** PROBLEM REQUIREMENTS **
Reproduce the listing in full, exactly as written, but without images.

** DATASET SECTION **
+---+

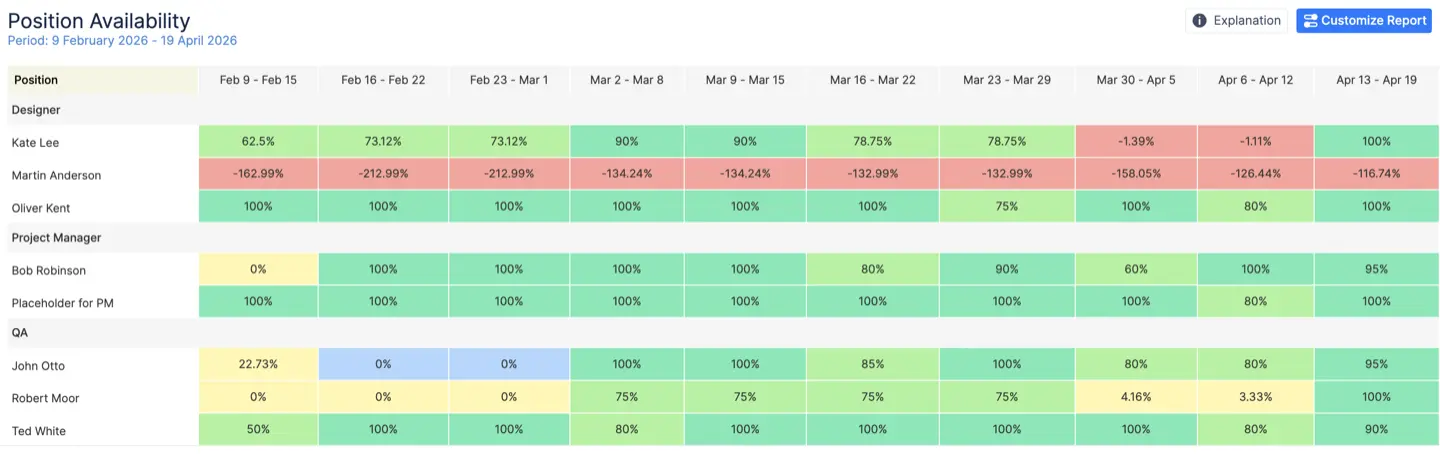 Gestion des ressources pour Jira 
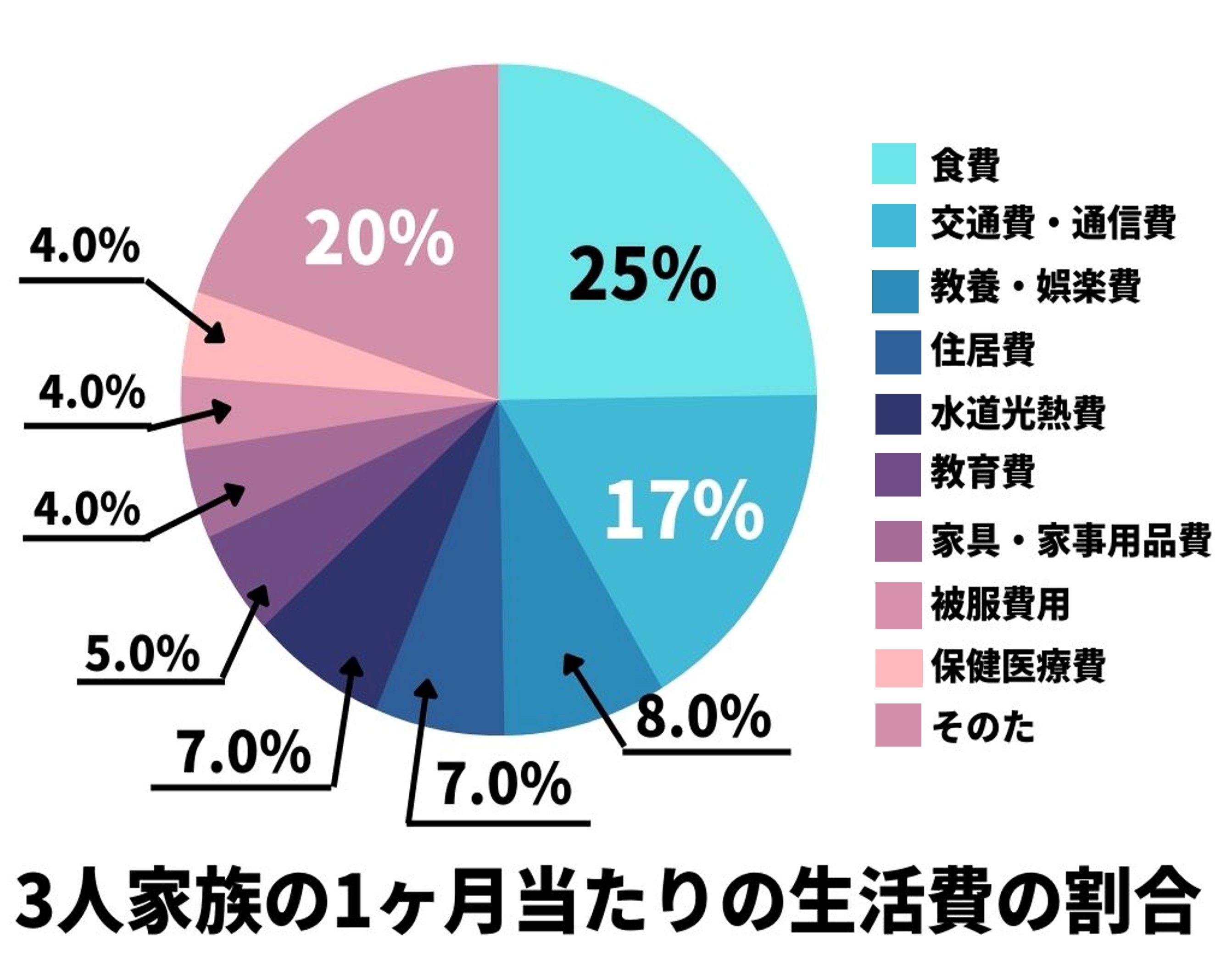 3人家族の平均生活費はいくら？世帯年収別支出額シミュレーション・諸経費別おすすめの節約方法を紹介 ‐ 不動産プラザ
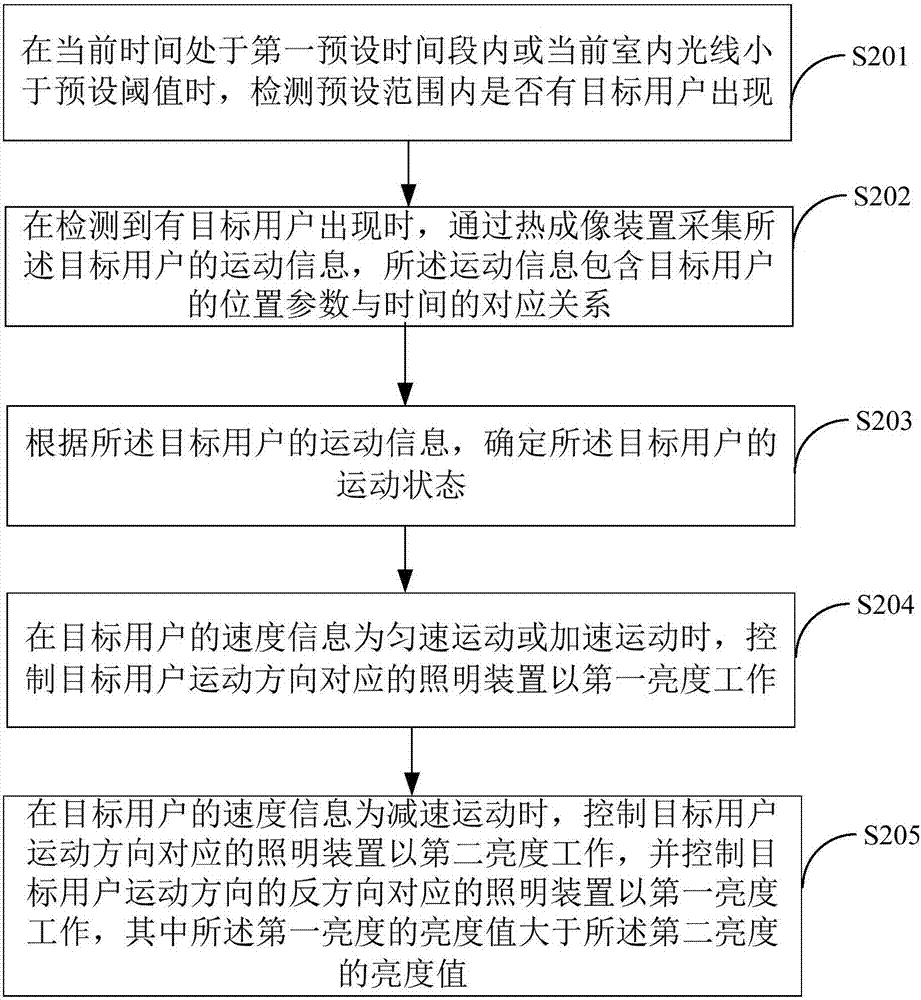 智能家居照明控制方法及裝置與流程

+---+

** SOLVED EXERCISE **
 Gestion des ressources pour Jira 
 3人家族の平均生活費はいくら？世帯年収別支出額シミュレーション・諸経費別おすすめの節約方法を紹介 ‐ 不動産プラザ
 智能家居照明控制方法及裝置與流程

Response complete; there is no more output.